Brief descriptive captions
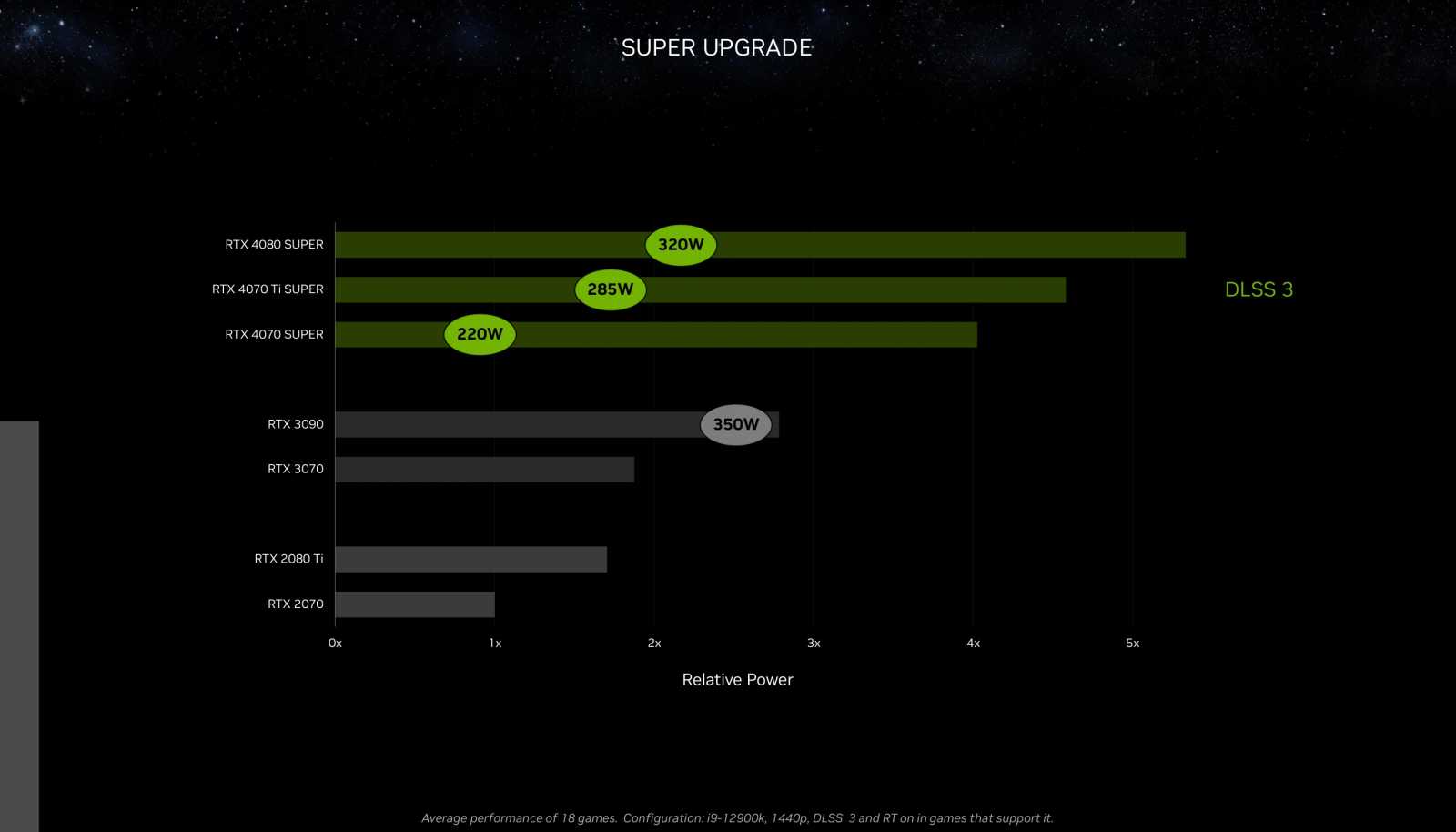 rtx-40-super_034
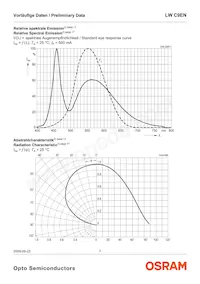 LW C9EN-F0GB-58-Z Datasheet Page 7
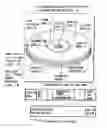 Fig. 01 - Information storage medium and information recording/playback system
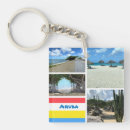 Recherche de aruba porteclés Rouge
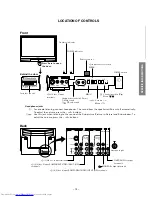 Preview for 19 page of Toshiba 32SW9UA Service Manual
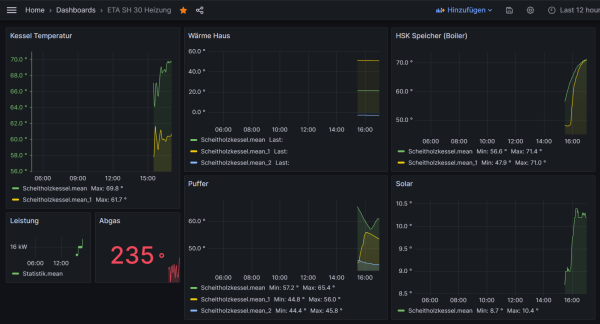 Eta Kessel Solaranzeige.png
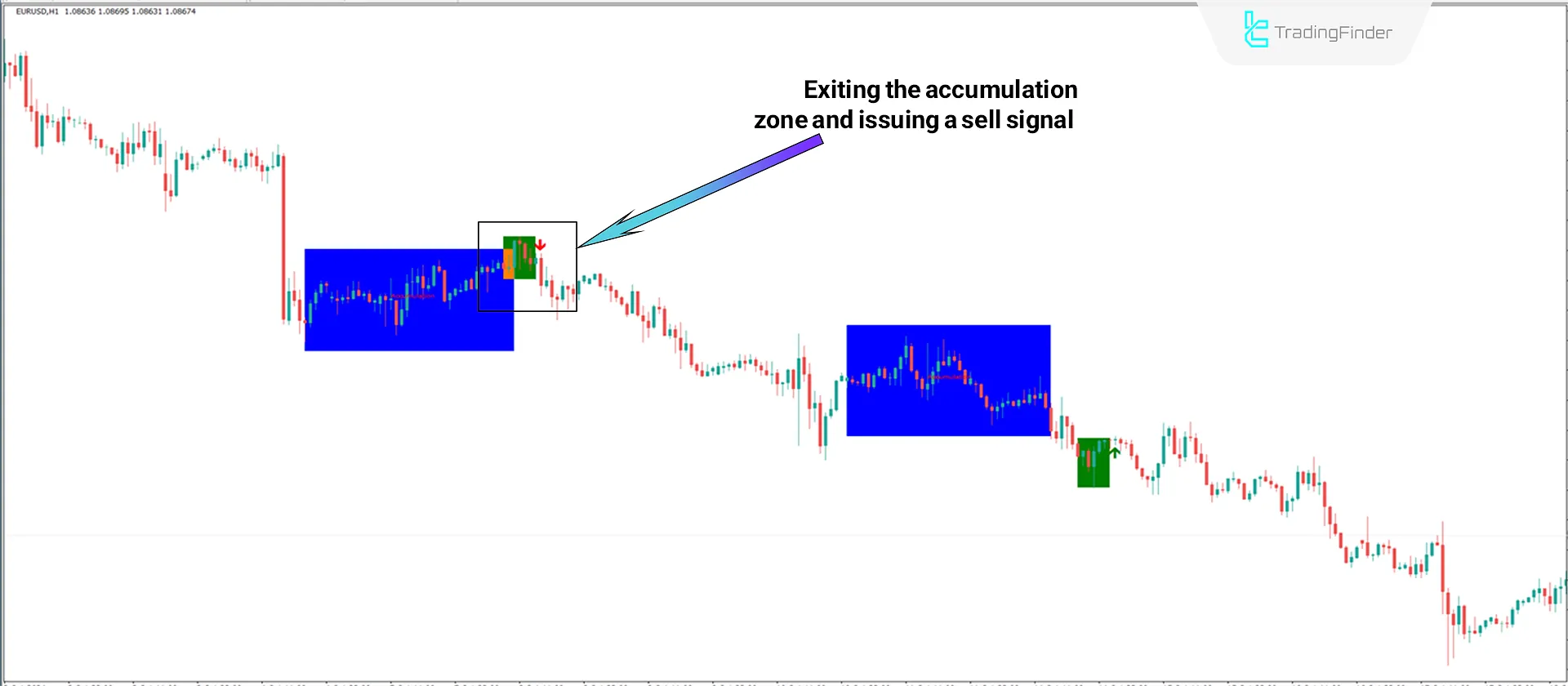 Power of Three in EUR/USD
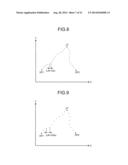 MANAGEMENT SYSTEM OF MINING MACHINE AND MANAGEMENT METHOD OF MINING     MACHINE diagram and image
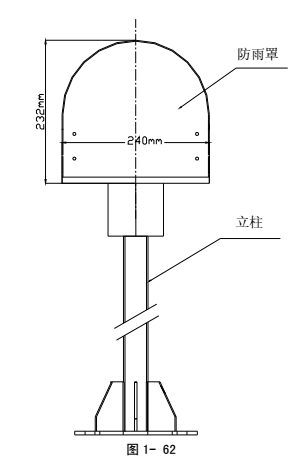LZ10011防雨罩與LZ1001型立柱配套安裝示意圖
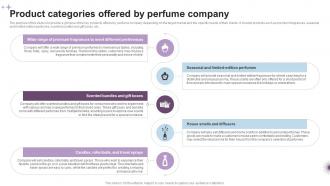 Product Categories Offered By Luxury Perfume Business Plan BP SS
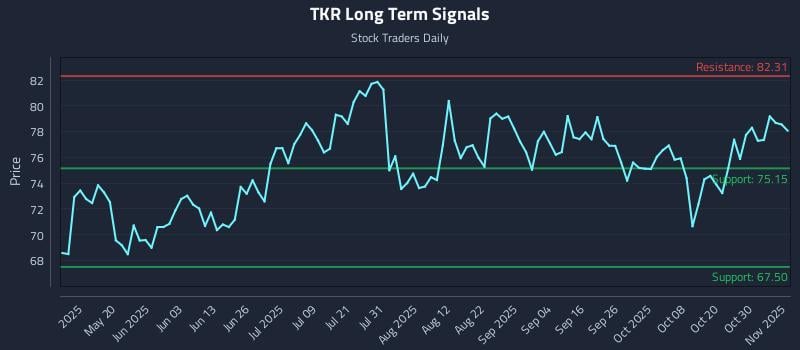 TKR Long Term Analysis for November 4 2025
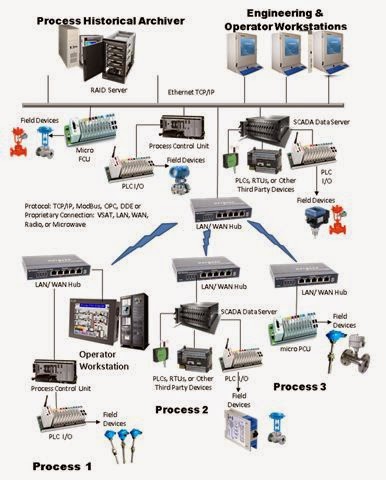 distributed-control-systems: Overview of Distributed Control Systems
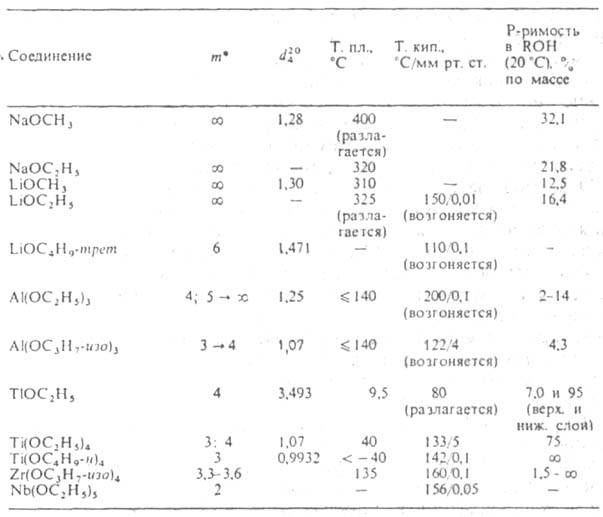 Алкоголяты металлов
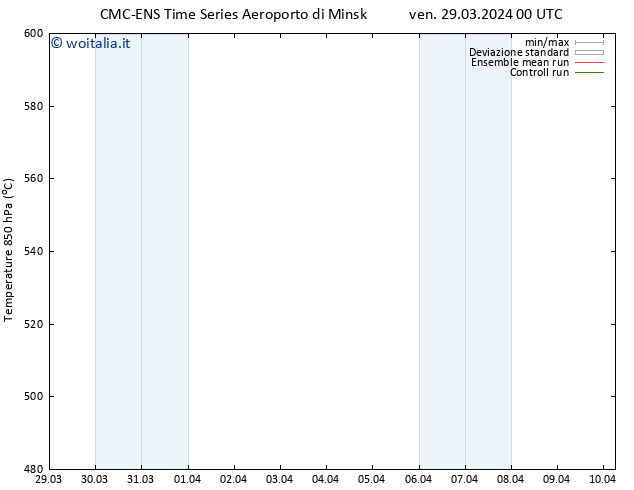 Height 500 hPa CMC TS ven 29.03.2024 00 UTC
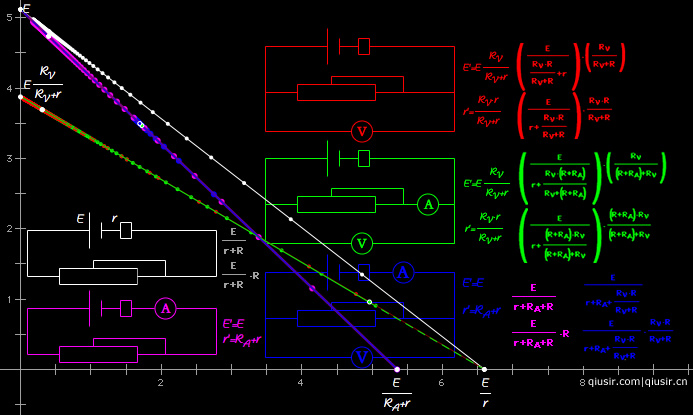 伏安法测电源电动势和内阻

> **Work required**: Print the lines from the one that contains "Recherche de aruba porteclés Rouge" through the last line of the data, exactly and in full, and no other lines. Pictures are not part of the copy.

> **Written response**:
 Recherche de aruba porteclés Rouge
 Preview for 19 page of Toshiba 32SW9UA Service Manual
 Eta Kessel Solaranzeige.png
 Power of Three in EUR/USD
 MANAGEMENT SYSTEM OF MINING MACHINE AND MANAGEMENT METHOD OF MINING     MACHINE diagram and image
LZ10011防雨罩與LZ1001型立柱配套安裝示意圖
 Product Categories Offered By Luxury Perfume Business Plan BP SS
 TKR Long Term Analysis for November 4 2025
 distributed-control-systems: Overview of Distributed Control Systems
 Алкоголяты металлов
 Height 500 hPa CMC TS ven 29.03.2024 00 UTC
 伏安法测电源电动势和内阻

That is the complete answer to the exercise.